The design inference is the inference to the best possibility, and is logically the most plausible. Codes can be shown to come into existence using ID. This is a fact. If you do not count the genetic code as a code, then you are an intellectual fraud. A holistic sequence of information that performs a function which has a physical symbolic representation is a code. I am sorry if it affects your worldview or ideology, but it’s the absolute truth, and the intelligent cause is supreme in dealing with their existence. I am waiting to hear otherwise.
If Design is excluded from the OOL research which is what you are implying when you say that there are no methods of detecting it, then science is in the business of validating atheism, because then only atheistic philosophical scenarios are allowed in science, which creates a sectarian religious viewpoint that excludes a designer i.e. abiogenesis. Following your logic Nell, you cannot explain how the computer came to be because if intelligent design is not detectable and therefore not science, then science is left with BS plausibility scenarios that do not lead to the truth with respect to the computer’s origin. i.e. The screw evolved to fit into the hole, which over time sealed the computer’s case, making the computer more survivable is a junket story that proves only that you have great imagination with no applicability.

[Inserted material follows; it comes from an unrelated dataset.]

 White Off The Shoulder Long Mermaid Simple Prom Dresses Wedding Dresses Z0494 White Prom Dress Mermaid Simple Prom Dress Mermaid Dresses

You keep trumpeting that ID is not science yet I explained to you that humans perform Intelligent Design all the time, proving to whoever is reading these comments that ID does in fact exist unlike concepts such as black holes and dark matter (you do think astrophysicists are scientists right?). You also never answered my question when I asked you what causes a code to come into existence. When the origin is known, what has caused a code to exist Nell? Please answer that.
IntelligentDesigner, I think we have arrived at a point of irreducible disagreement. I appreciate the care you have taken to explain your position and I hope you will continue to comment on my blog. My best wishes to you and your family.